[Image-caption web data]
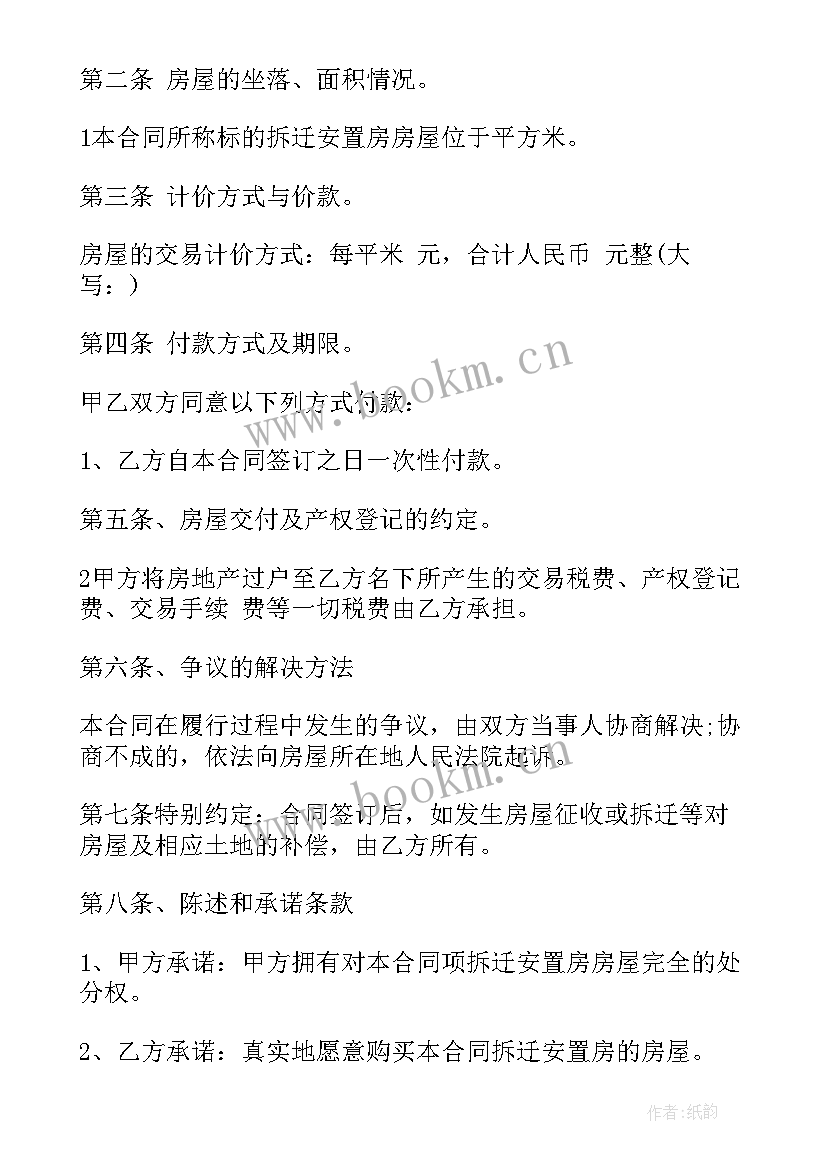 2023年安置房买卖合同才有效 拆迁安置房买卖合同(汇总9篇)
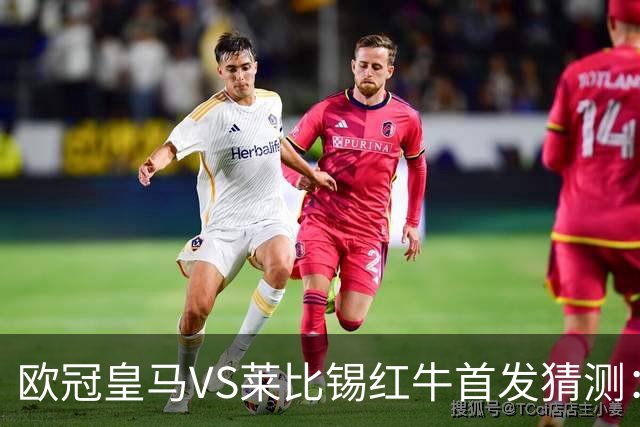 欧冠皇马VS莱比锡红牛首发猜测：维尼修斯回归首发，穆帅会安排谁替补？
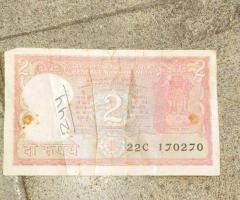 22C serial antic note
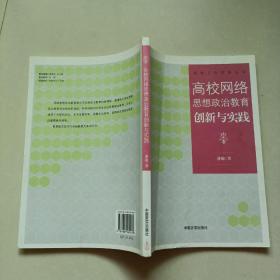 高校网络思想政治教育创新与实践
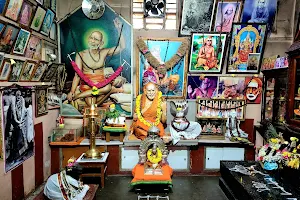 Sri Sri Sri Maha Periava Gruham image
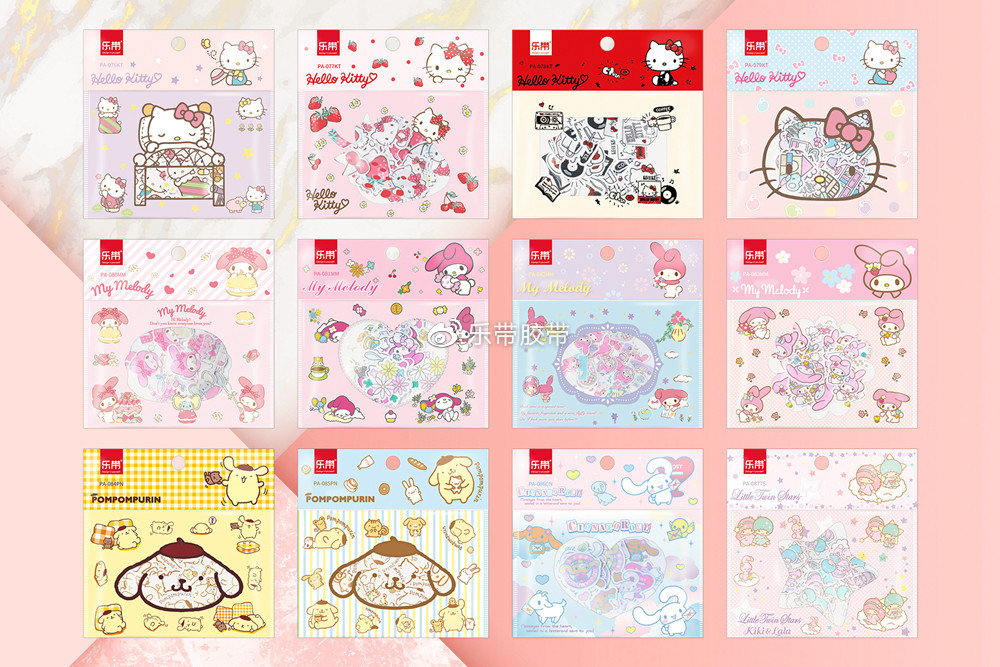 hellokitty手帐贴纸图片,hellokitty的做手帐的贴纸图片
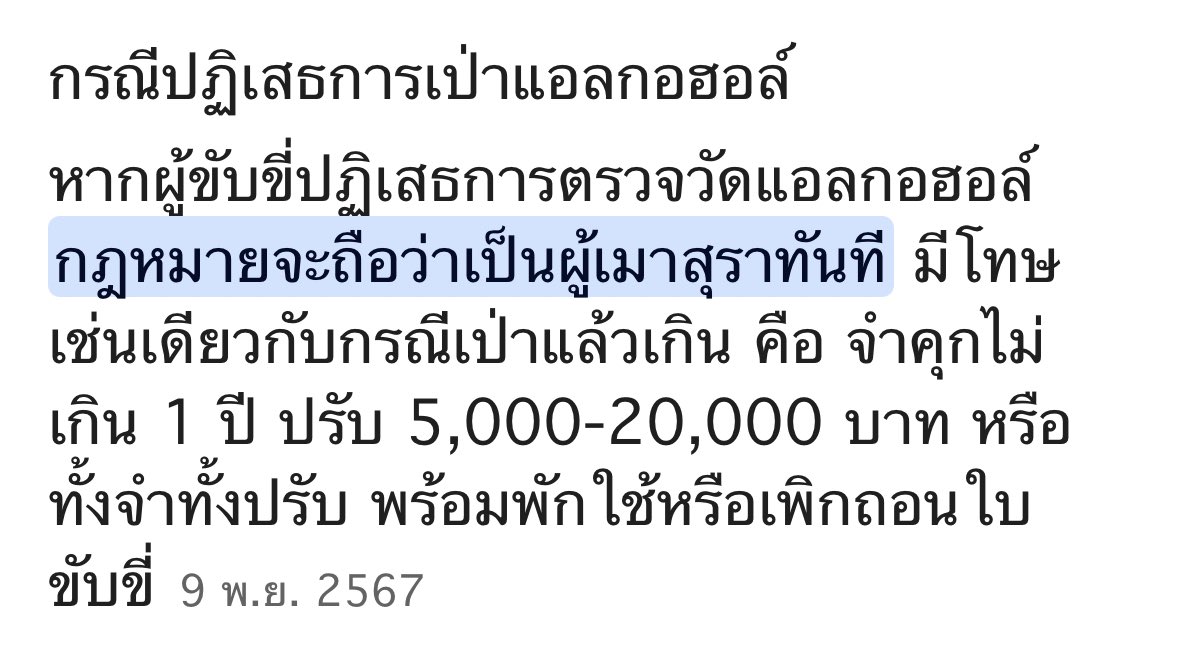 littlehogweed's tweet photo. ไม่เป่าแอลได้นะคะ แต่จะถือว่าเมาไปเลยทันทีตามกฎหมายค่ะ #มารีเบรินเนอร์ https://t.co/xBYmKOEhKn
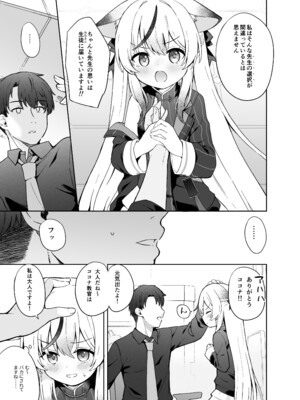 [DOGYEAR (九条だんぼ)] 静心して梅零れゆく (ブルーアーカイブ) [DL版]_024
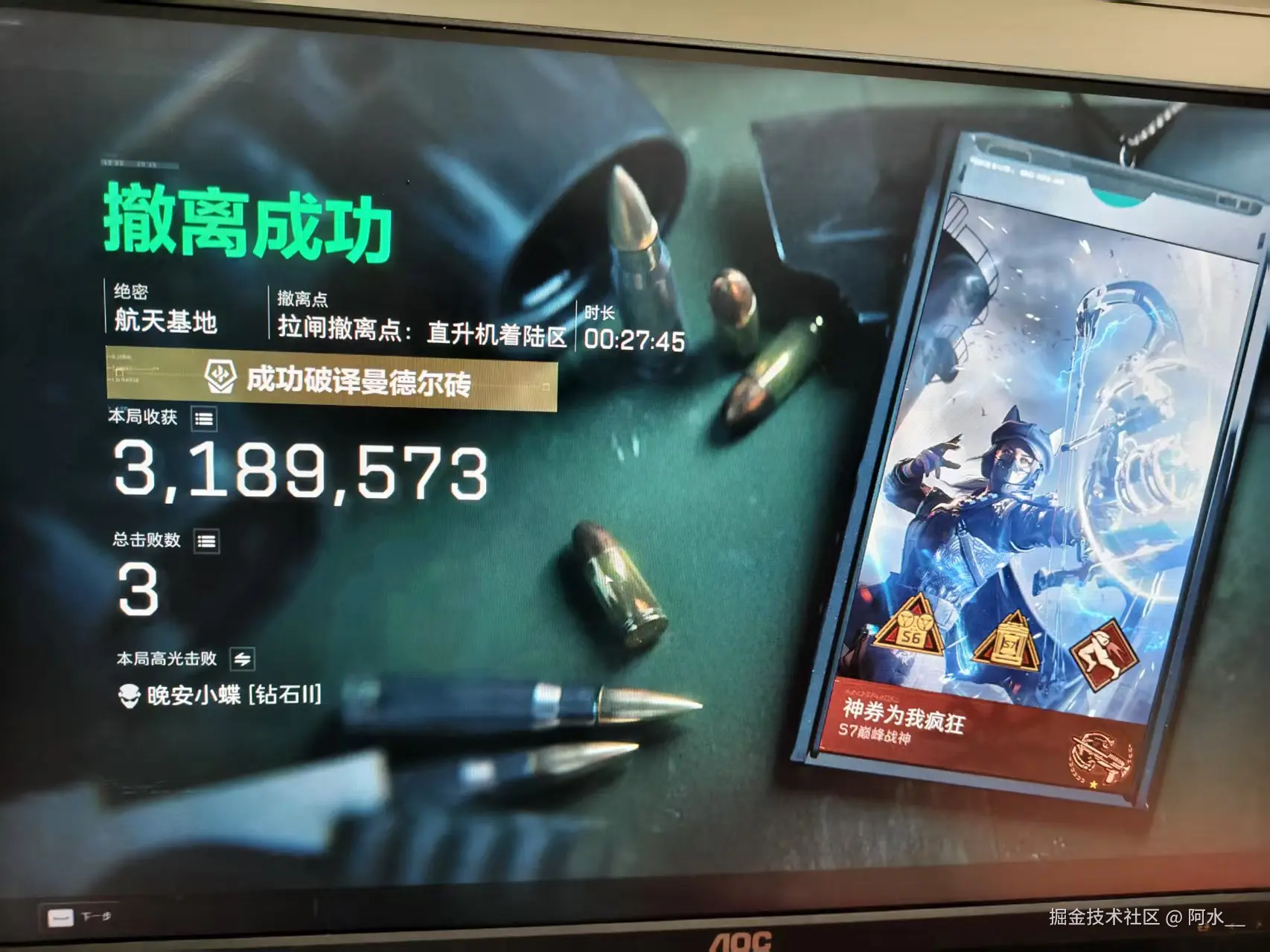 阿水__于2025-12-15 10:42发布的图片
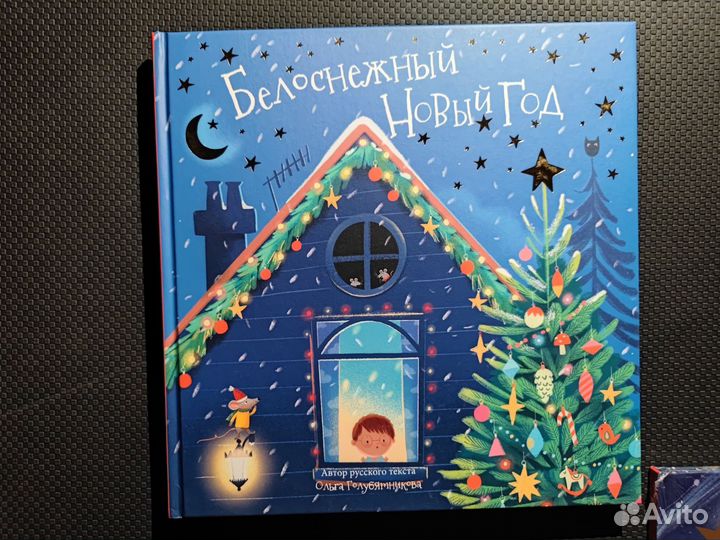 Набор новогодних книг, Счастье внутри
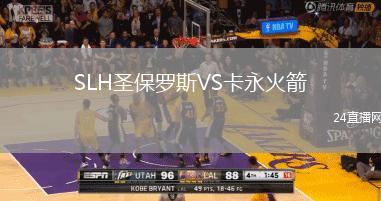 SLH圣保羅斯VS卡永火箭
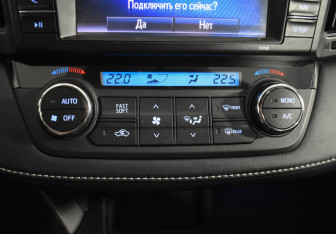 Подержанный автомобиль Toyota RAV4 2017 года (20 фото)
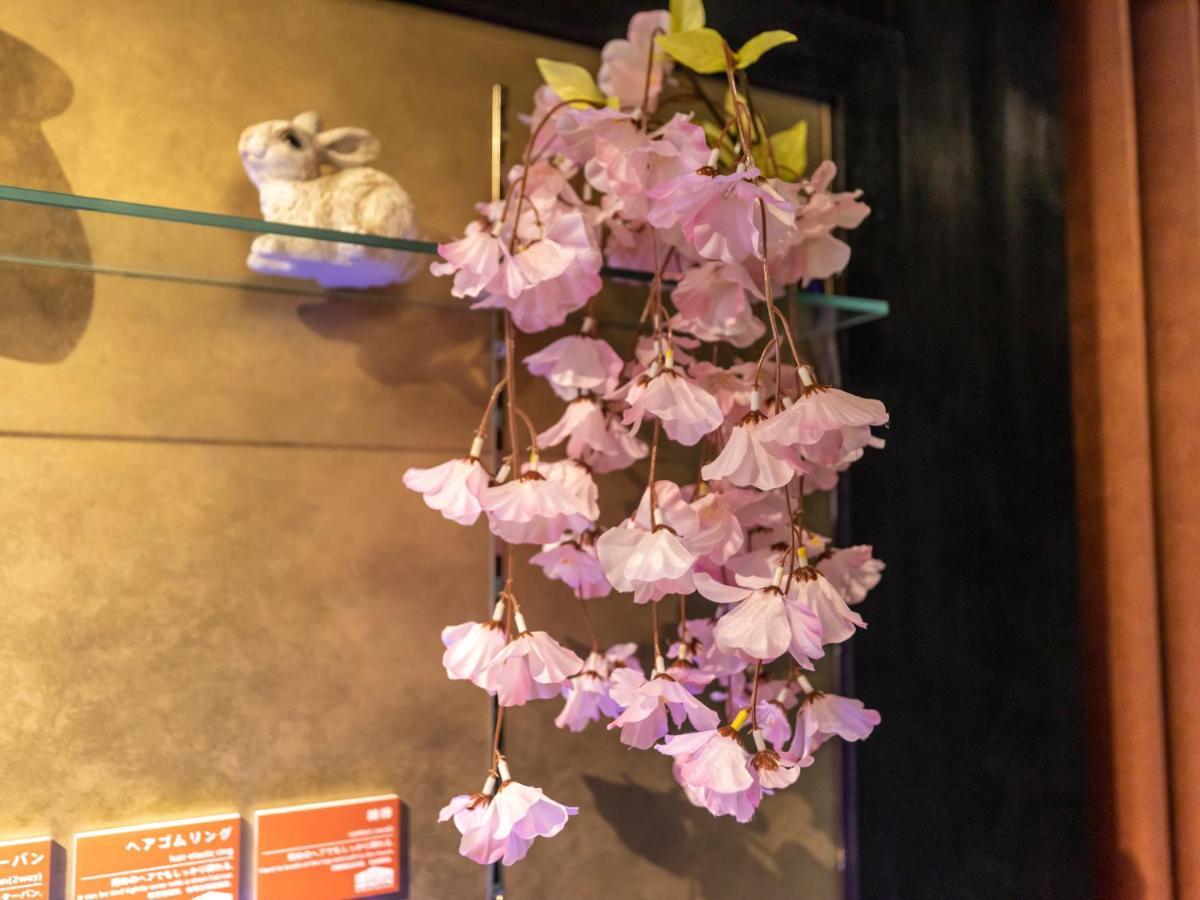 Hotel Hale Kyoto Tambaguchi Zewnętrze zdjęcie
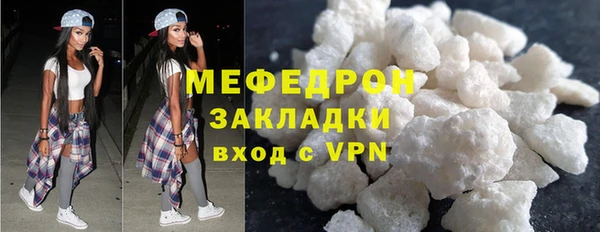 кокаин VHQ Баксан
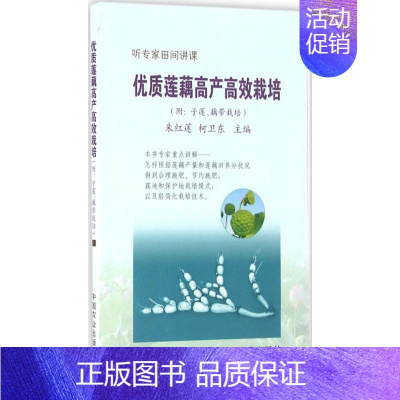 [正版]优质莲藕高产高效栽培 优质高产栽培与安全生产 藕带莲藕栽培种植业书籍 栽培技术从入门到精通教程 莲藕病虫害防治方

Problem description: Where a picture appears, omit it; otherwise reproduce each line above from the first to the one with "hellokitty手帐贴纸图片,hellokitty的做手帐的贴纸图片", inclusive.

Result of this exercise:
 2023年安置房买卖合同才有效 拆迁安置房买卖合同(汇总9篇)
 欧冠皇马VS莱比锡红牛首发猜测：维尼修斯回归首发，穆帅会安排谁替补？
 22C serial antic note
 高校网络思想政治教育创新与实践
 Sri Sri Sri Maha Periava Gruham image
 hellokitty手帐贴纸图片,hellokitty的做手帐的贴纸图片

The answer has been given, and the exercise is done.